## EXERCISE INSTRUCTIONS
Return exactly the lines from the "4月份企業暫停營運數量增加68.1%" line through the last line of the entries below. Include no pictures.

[Items from a dataset]
╔══
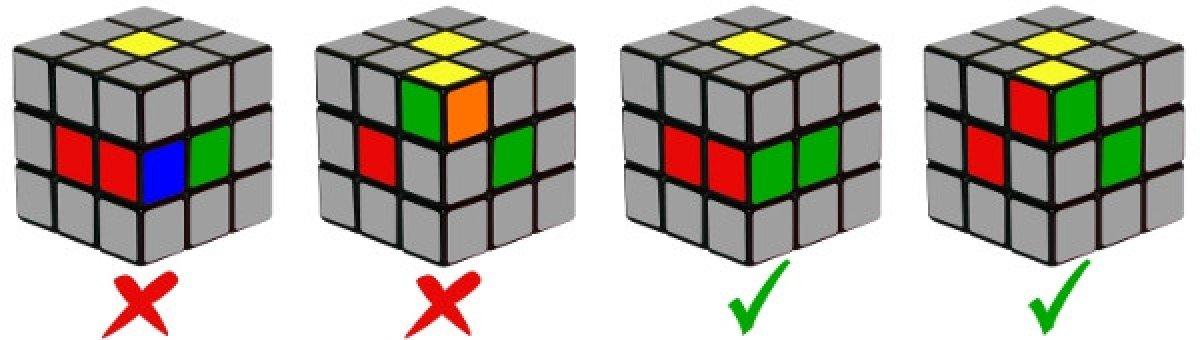 Rubik Küpü nedir? Rubik Küpü nasıl çözülür? Zeka küpü kolay çözme yöntemi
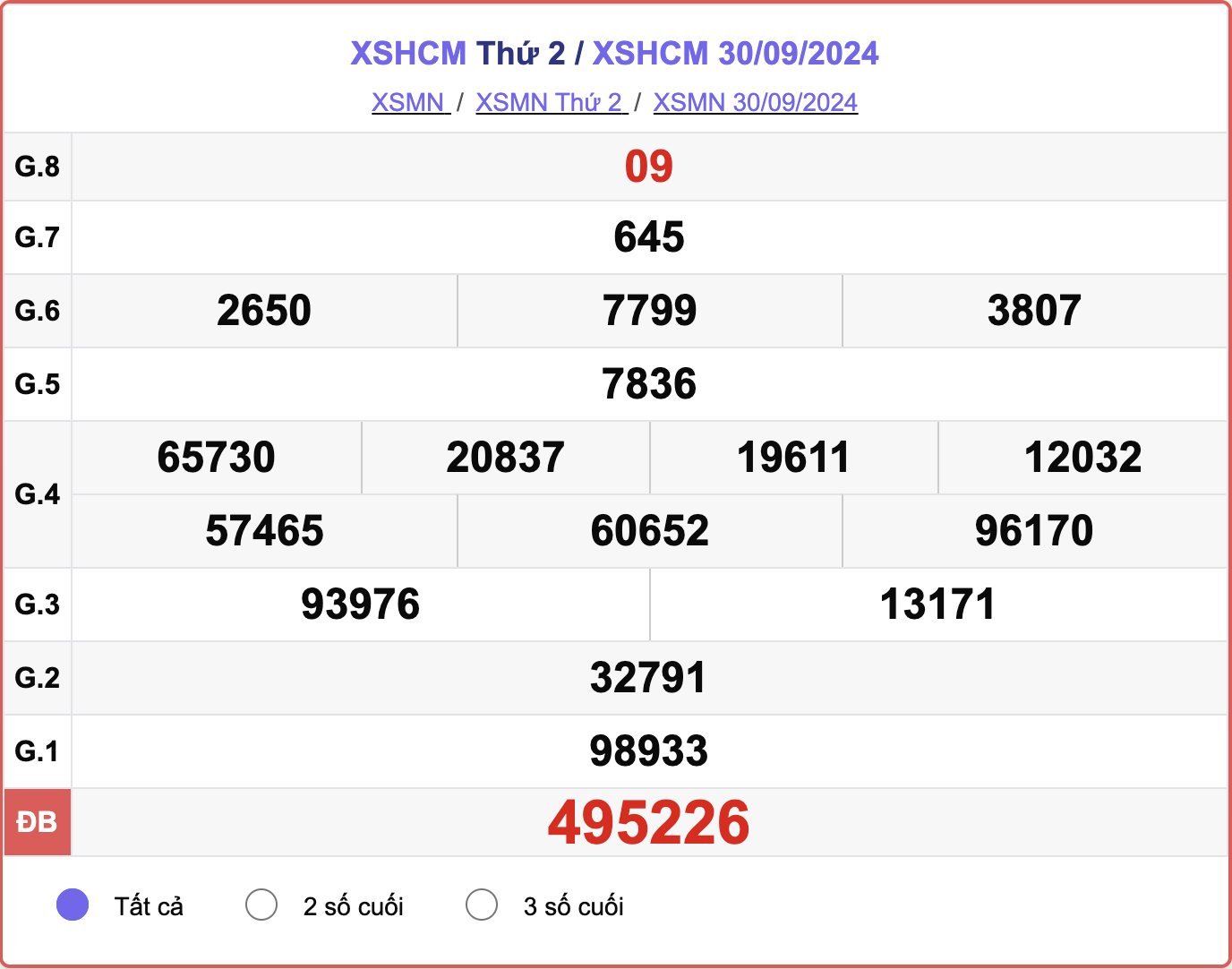 XSHCM 30/9, kết quả xổ số TP.HCM hôm nay 30/9/2024.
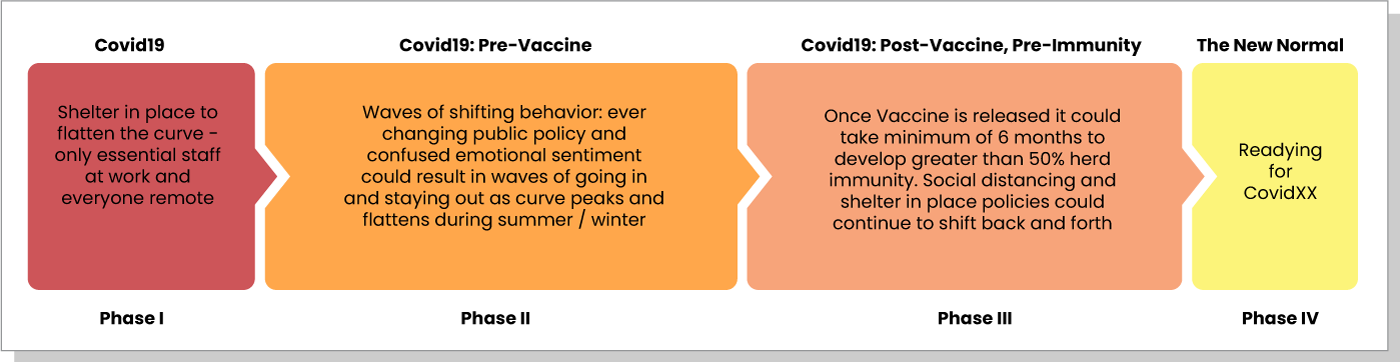 The New Normal Timeframe: Phase 1 (COVID19): shelter in place, Phase 2 (Pre-Vaccine): waves of shifting behavior, Phase 3 (Post Vaccine, Pre-Immunity): vaccine release, herd immunity, Phase 4 (The New Normal): the next COVID
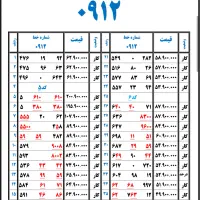 فروش خط 912 اقساطی با 5 تومان پیش پرداخت|سیم‌کارت|تهران, زیبادشت|دیوار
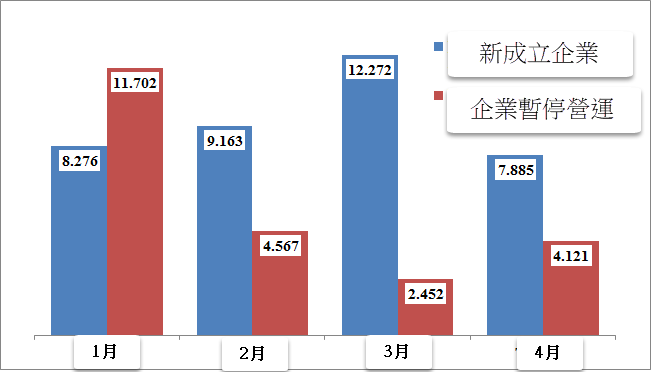 4月份企業暫停營運數量增加68.1%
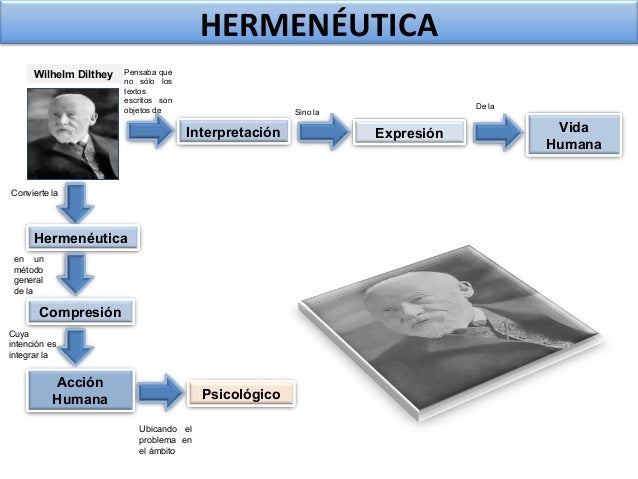 Hermeneutica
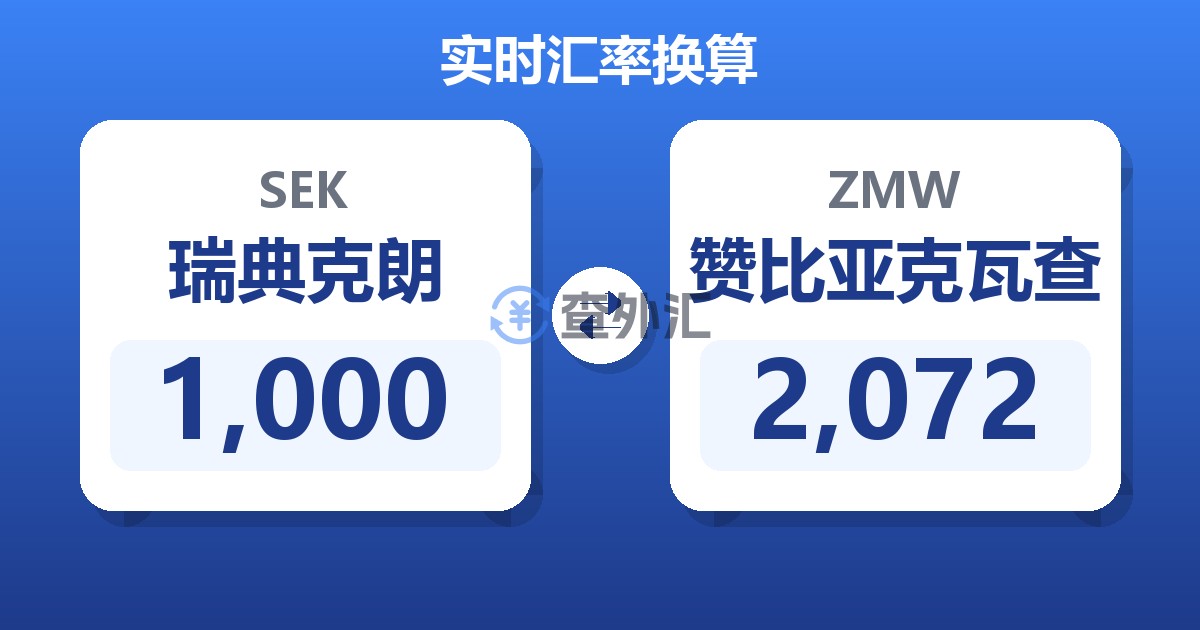 1,000瑞典克朗兑赞比亚克瓦查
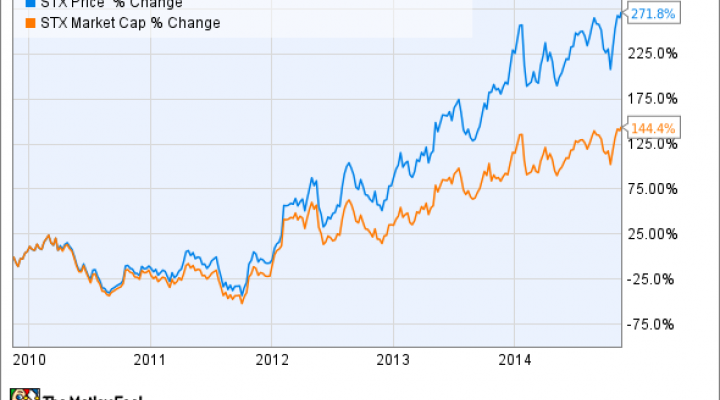 Emc Stock Chart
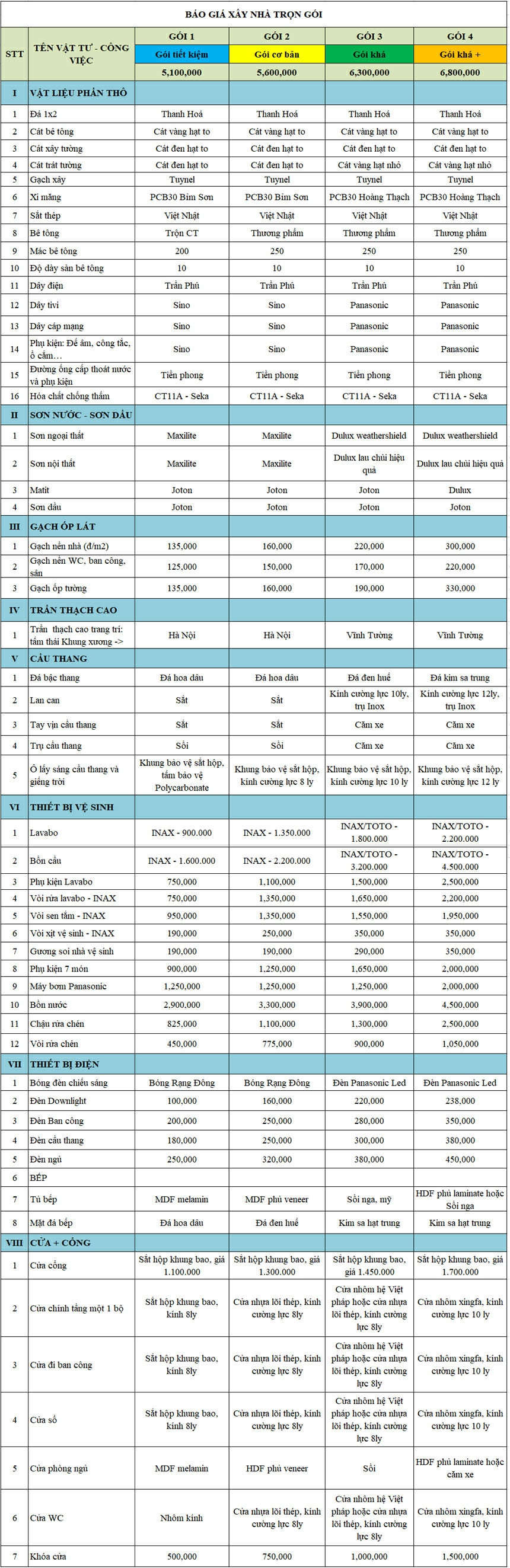 bao-gia-xay-nha-chon-goi.jpg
╚══
## YOUR SOLUTION
 4月份企業暫停營運數量增加68.1%
 Hermeneutica
 1,000瑞典克朗兑赞比亚克瓦查
 Emc Stock Chart
 bao-gia-xay-nha-chon-goi.jpg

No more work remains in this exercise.